А та, оказалось, тоже уцелела в блокаду и тоже живет в Минске.

* * *

Дверь скромной квартирки открыла невысокая женщина - через толстенные линзы очков смотрели смешливо-насмешливые глаза.

- Вы уверены, что мой рассказ будет интересен? - очень молодым голосом спросила она. - Если да, подойдите поближе, чтобы я вас могла как следует рассмотреть.

Аккорд первый: столяр и парфюмерша

- Мои родители родом из местечка Усвяты, расположенного в 60 километрах от пограничного с Беларусью Невеля. Отца звали Василий Нилович Занюков. В 1920 году, когда Красная Армия шла на запад, он участвовал в боевом походе. Бойцов предали - сдали немцам. В 1921 году, в свои 23, отец описал поход в стихотворной форме - я до сих пор храню рукопись. А маму родители-крестьяне в 16 лет послали работать дояркой в поместье Родзянко - слыхали, наверное, про такого? У него в Усвятах стоял роскошный дом. Когда мать с отцом поженились, мама стала домохозяйкой. Потом родилась я, и по настоянию бабушки меня хотели назвать по святцам Варварой. Но родители уперлись: хотим только Валентину. Году примерно в двадцать шестом, освоив плотницкое и столярное ремесло, отец перебрался в Ленинград. На заводе имени Сталина числился в передовиках - в многотиражной газете "Сталинец" даже печатали его портрет, который я сохранила до сих пор. А мама устроилась на парфюмерную фабрику, которая вначале называлась "Тэжэ", а потом стала "Северным сиянием" - вместе с московской они объединялись в трест, подчинявшийся самому Микояну. У мамы были почетные грамоты с его подписью. Начальником же треста работала жена Молотова.

- Сама Полина Жемчужина, она же Перлеман, впоследствии репрессированная, - удивляюсь я.

- Да, Полина руководила трестом, в котором моя мать, Татьяна Александровна, была на хорошем счету. Вначале ходила в бригадирах, потом стала мастером. А с 1942-го по 1952 год работала начальником цеха. С четырехклассным образованием. Но в уме могла быстрее подсчитать, чем я нынче - на бумажке, со своим институтским дипломом. В 1953 году, когда я уже приехала по распределению в Минск, мама написала, что сдает дела молодому специалисту. Мол, прибыла хорошая девочка, но еще мало знает производство, надо ей помочь. Возможно, надеялась мама, и ее дочку в далеком городе кто-то также не обделит добрым советом. Мама перешла в мастера и проработала аж до пенсии.

- Она вынесла всю блокаду? - тихо спрашиваю я, понимая, что задаю разговору тяжелый крен.

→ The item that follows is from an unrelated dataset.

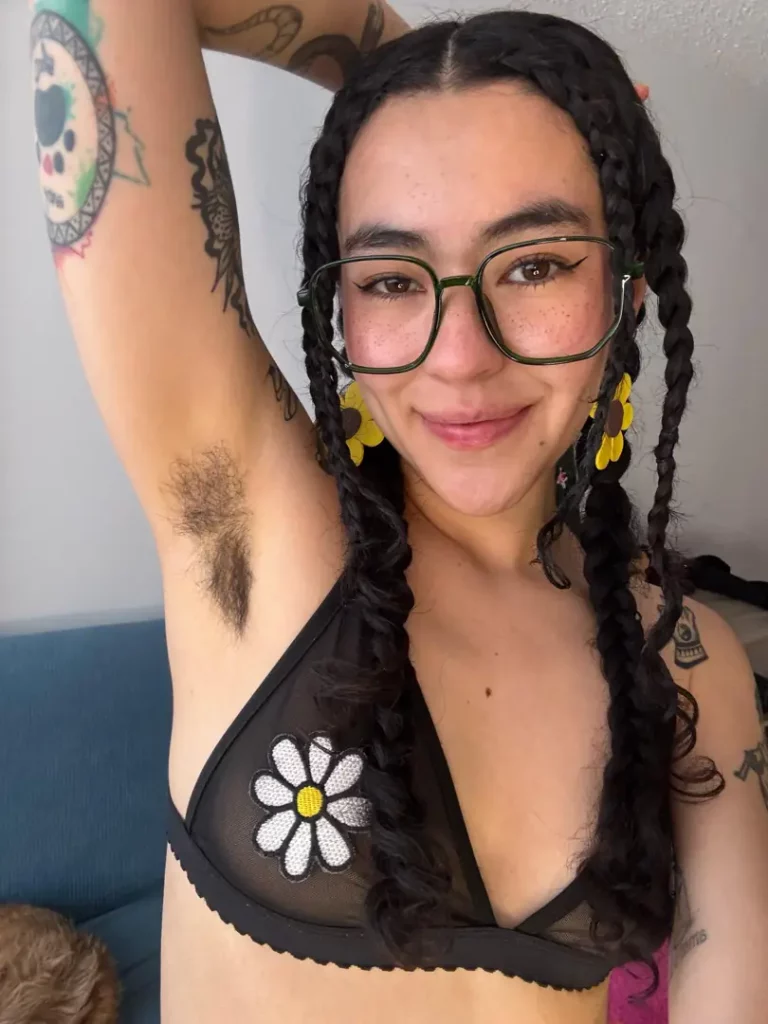 Body Hair Bliss: My Underarms Scream "Come Get Some!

Аккорд второй: хлеб и студень

Мимолетная, как тень незримой птицы, пауза зависает над нами, и после короткого утвердительного кивка собеседница продолжает рассказ.

- Отец умер 4 февраля 1942 года, пережив самые страшные месяцы блокады: октябрь, ноябрь, декабрь сорок первого и январь сорок второго. В феврале уже стало полегче, начали добавлять хлеба: вместо 125 граммов давать 200 и 250. На заводах и фабриках организовали питание для самых слабых: с дополнительной чашкой чая, кусочком хлеба. Но дело даже не в том, что паек увеличился, - сам хлеб стал лучше. То, что мы ели в декабре, не было хлебом: там лишь процентов десять набиралось муки. Все остальное, как я позже прочитала, составляли опилки. Перед войной в Ленинградском порту скопилось много отходов текстильной промышленности - не успели сжечь в печах. И химики нашли способ переработать их для использования в пищу. Знаете, как выглядел 125-граммовый кусочек хлеба? Как спичечный коробок. Или детская лепешка из глины. Он даже на ощупь такой был: мокроватый и глинистый-глинистый. Но именно хлеба хотели и просили все - не мяса, не рыбы, только хлеба. Вы, наверное, читали, что там ели...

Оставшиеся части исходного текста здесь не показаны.